The U.S. Treasury has unveiled a strategic shift regarding its approach to seized Bitcoin, announcing plans to incorporate these assets into a national digital asset reserve. Treasury Secretary Scott Bessent made this declaration during the World Economic Forum in Davos, emphasizing that the government will retain Bitcoin confiscated through enforcement actions, particularly those linked to the Tornado Cash case.
This new policy indicates a significant departure from previous practices where the government sold seized cryptocurrencies. Instead, the U.S. will build its reserve solely from confiscated digital assets without engaging in market purchases. According to analysis from Arkham Intelligence, U.S. government-controlled wallets currently hold approximately 328,000 BTC, translating to a valuation exceeding $30 billion at current market prices. This substantial amount positions the U.S. as one of the largest known holders of Bitcoin globally.

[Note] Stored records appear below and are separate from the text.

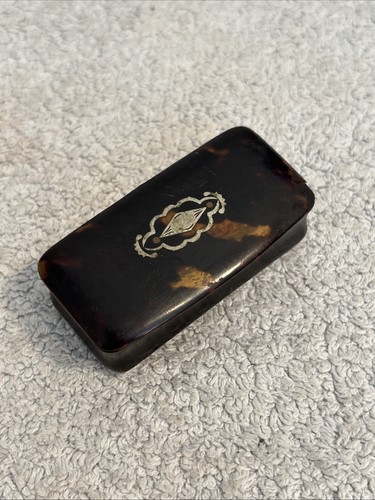 Antique snuff box faux - snuff,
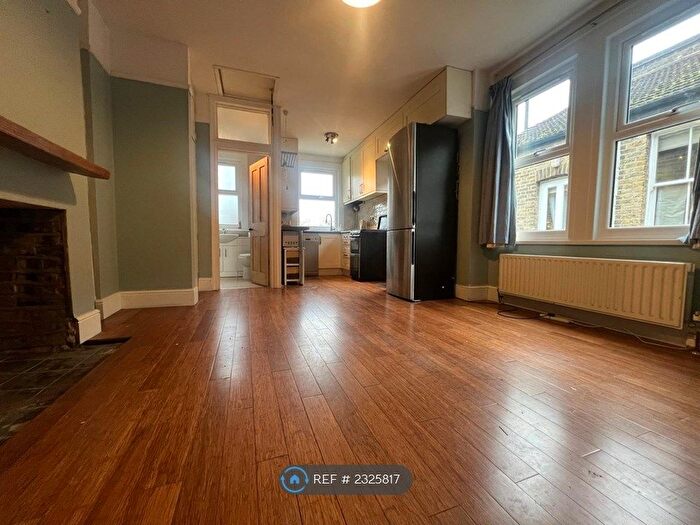 3 Bedroom Maisonette To Rent In Clarendon Road, London, SW19
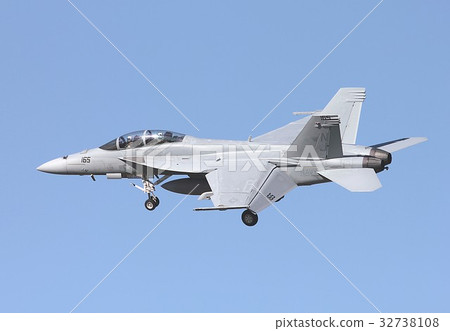 美國海軍航空母艦在加利福尼亞足球-18 F超級大黃蜂戰鬥攻擊機器的藍天飛行 美國海軍航空母艦在加利福尼亞足球-18 F超級大黃蜂戰鬥攻擊機器的藍天飛行 32738108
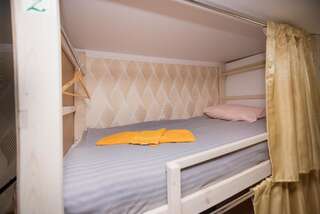 Хостел Свои Пятигорск Верхнее спальное место на двухъярусной кровати в 13-местном общем номере для мужчин и женщин-4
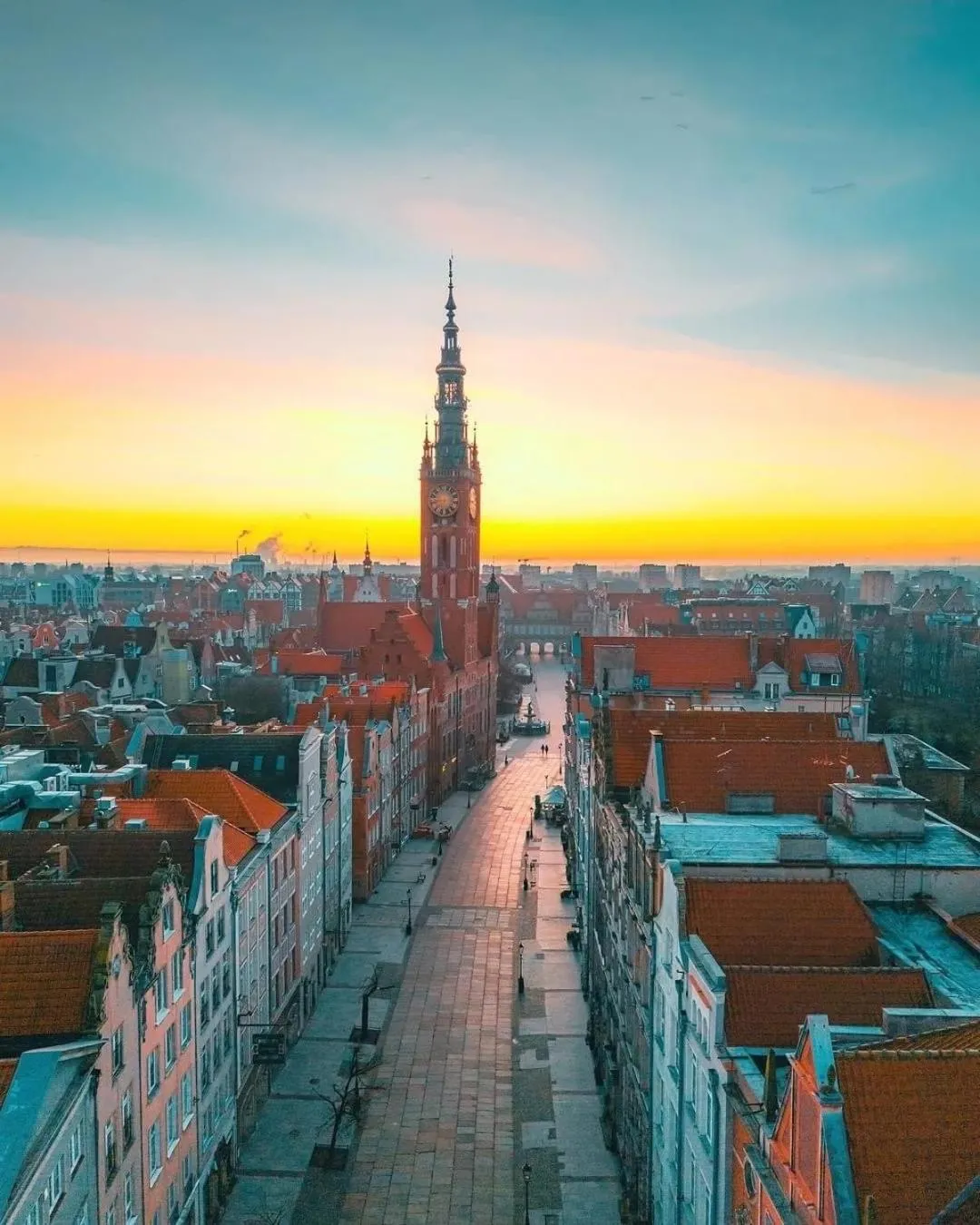 Property building in Baltic Gdańsk OLD TOWN by St Mary s Church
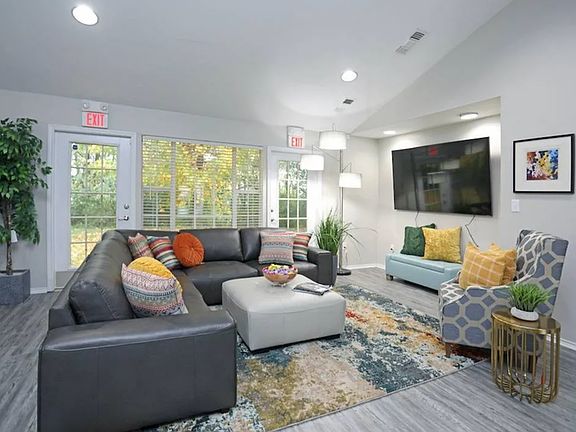 Leasing Office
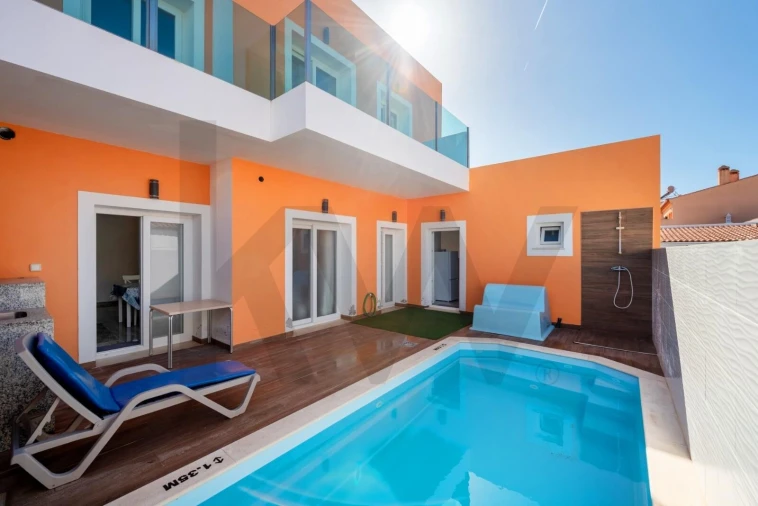 Moradia T6 para Venda em Vila de Sagres Foto 1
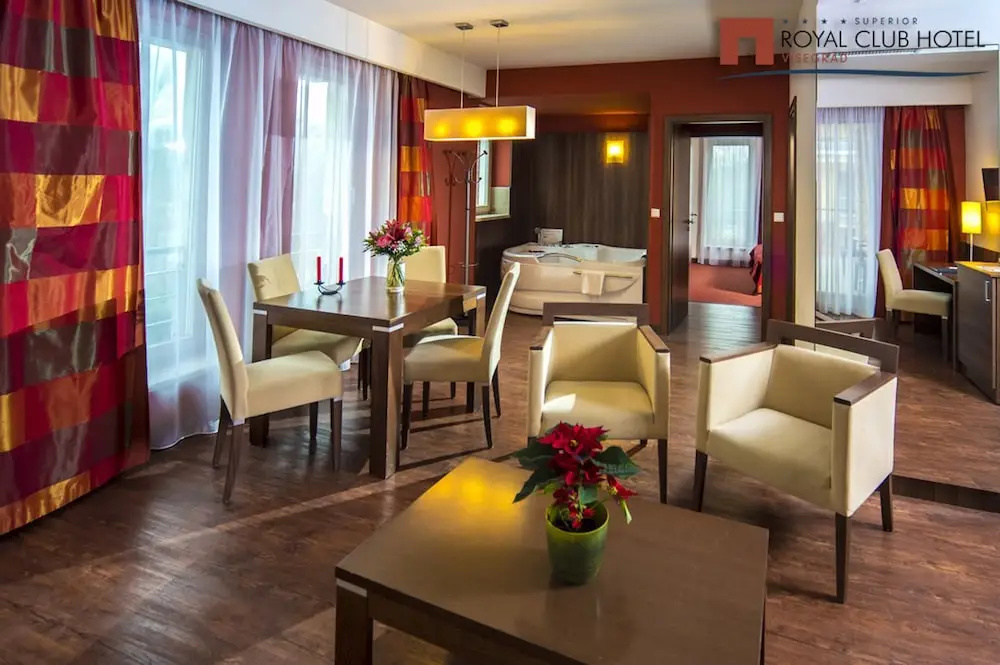 Photo - Royal Club Hotel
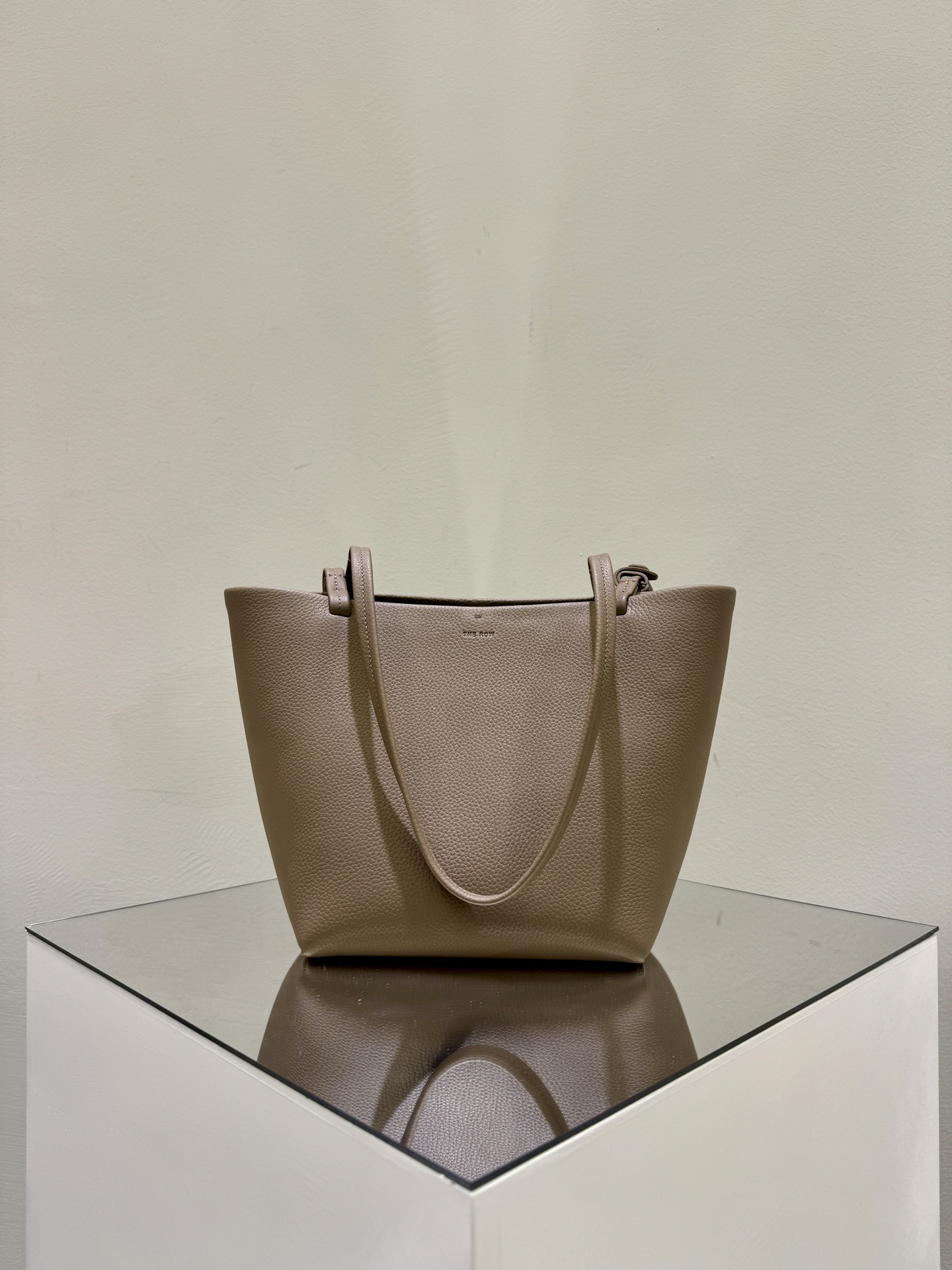 더로우 가방 75506 The Row Bag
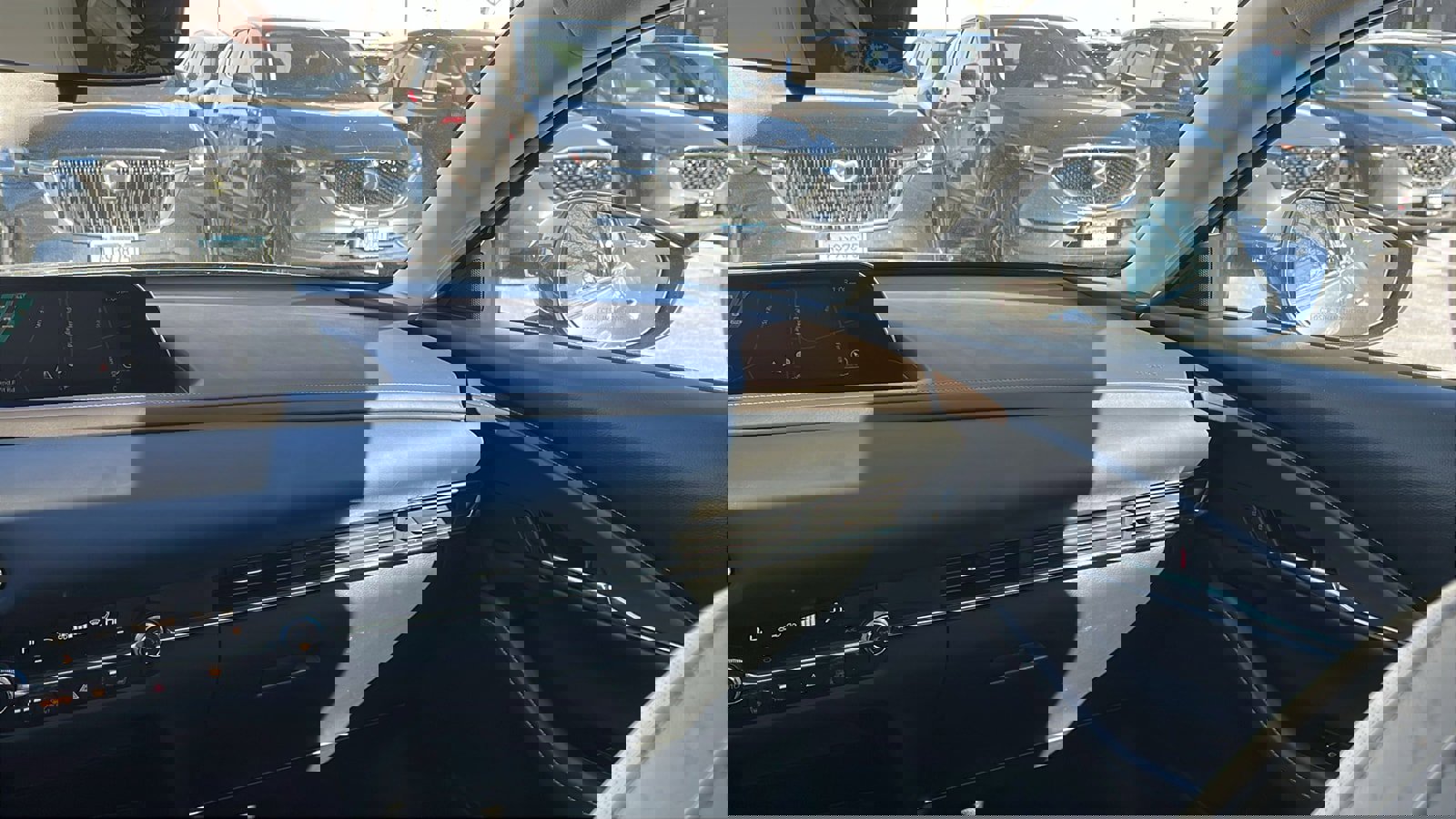 Certified 2022 MAZDA CX-30 AWD 2.5 S w/ Premium Package image 22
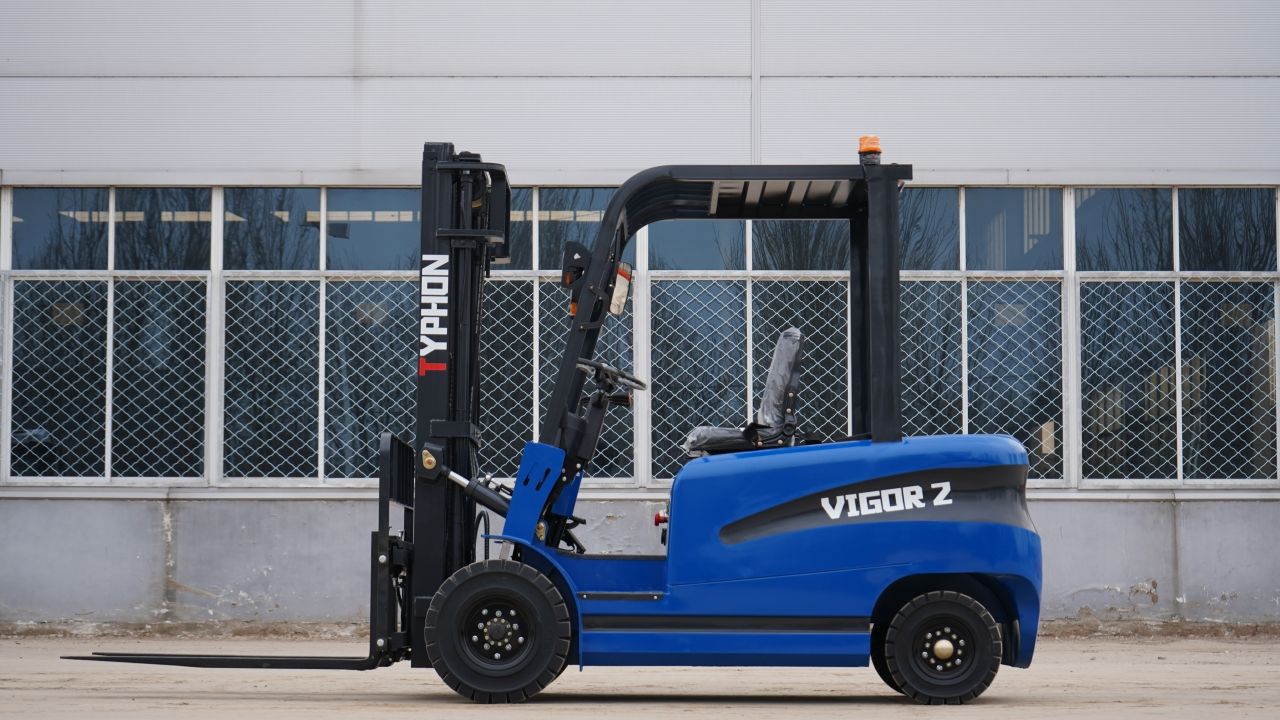 TYPHON VIGOR 2 Blue Electric Forklift 2 Ton Lifter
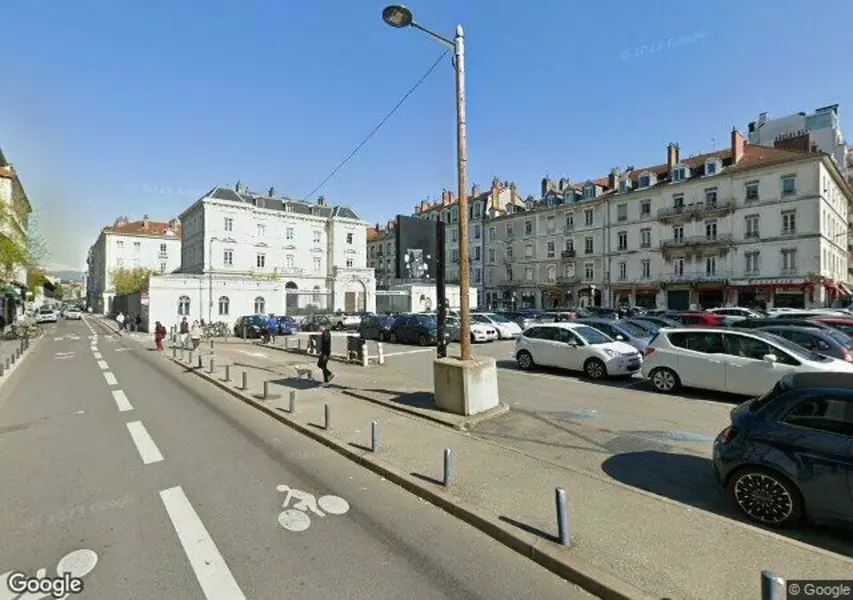 A vendre Local commercial  140m² Grenoble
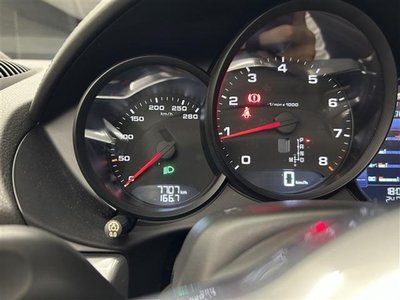 2018 Porsche 718 thumbnail 18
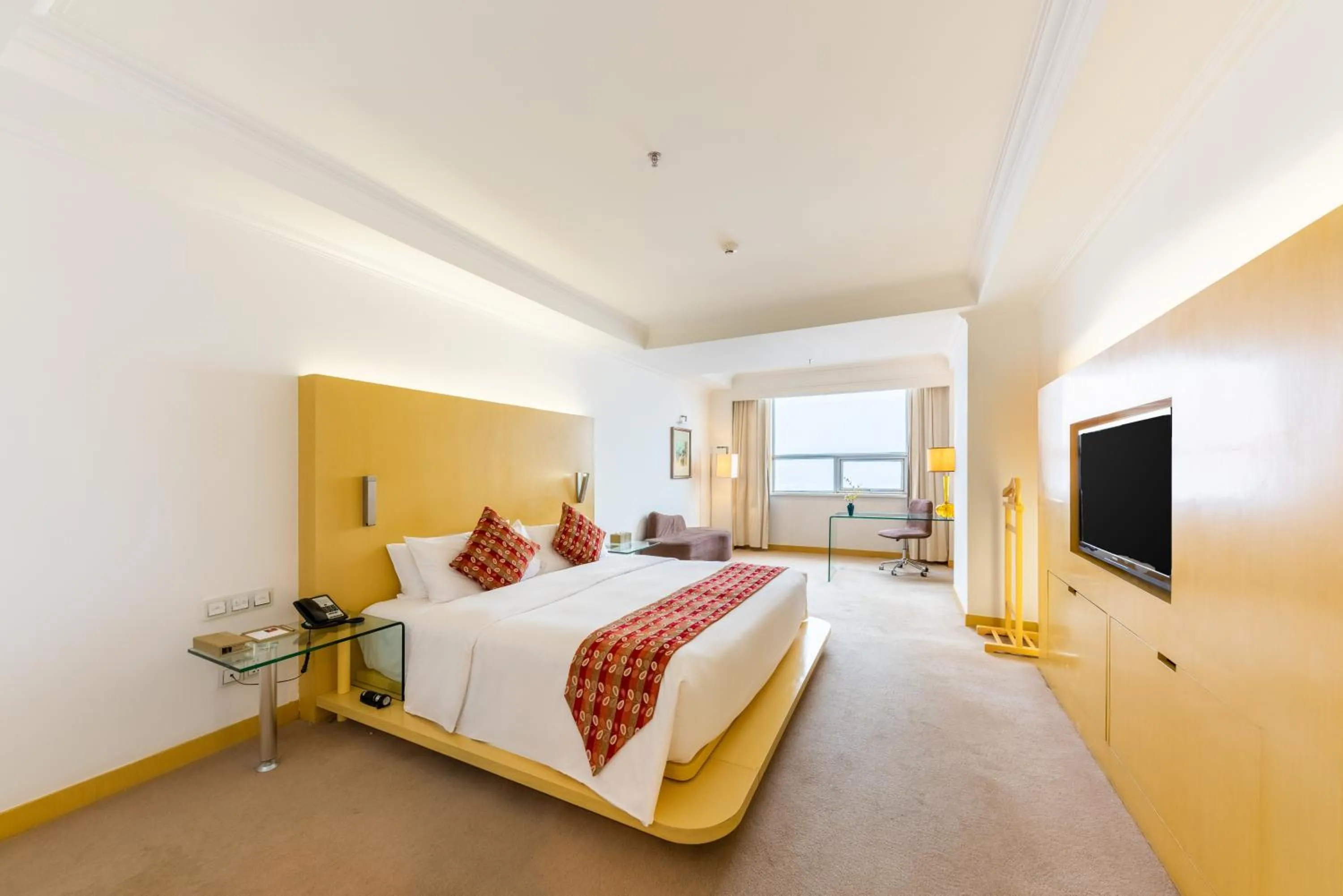 TV and multimedia, Bed in Grand Mercure Hotel Hualing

While specific details surrounding the government”s Bitcoin holdings are not fully disclosed, it is understood that these assets primarily stem from criminal investigations and forfeiture proceedings. Bessent reiterated that the government”s strategy does not involve acquiring Bitcoin on the open market, aligning with earlier communications from the Treasury in the previous year.
The decision to retain seized Bitcoin alters market dynamics significantly. Historically, transactions from government wallets have instilled fear among traders, leading to concerns of forced selling that could undermine Bitcoin”s price stability. By opting to hold these assets instead, the Treasury mitigates a recurrent source of selling pressure that has previously influenced market sentiment.
In August of the previous year, Bessent described the reserve as a “digital Fort Knox,” indicating a long-term perspective on Bitcoin as an asset rather than a short-term trading commodity. This approach received legal endorsement in 2025, solidifying the pathway for retaining seized cryptocurrencies rather than auctioning them off.
The timing of this announcement coincides with a notable shift in Bitcoin market sentiment. Recent indicators, such as a “golden cross” in the Fear & Greed Index, suggest a growing confidence among traders following a period of caution. Additionally, on-chain data reveals whale activity and position stabilization, suggesting a healthier trading environment.
As of earlier today, Bitcoin was trading around $91,000, maintaining critical support levels despite ongoing tensions between the U.S. and Europe that have affected broader market conditions. Later in the trading session, Bitcoin experienced a drop to approximately $89,482, reflecting a near 4% decline, although trading volumes surged to $46.8 billion, indicating active market repositioning amidst the sell-off.
For investors, the implications of this new policy are clear: the retained Bitcoin no longer represents a temporary asset aimed at quick liquidation. By committing these holdings to a reserve, the U.S. government is effectively acknowledging Bitcoin”s role as a strategic financial asset. This move does not equate to endorsement but signifies a custodial approach to digital assets.
As global governments navigate their policies on digital currencies, the U.S. strategy exemplifies a balanced approach: regulate, seize when necessary, and hold without attempting to influence market prices aggressively.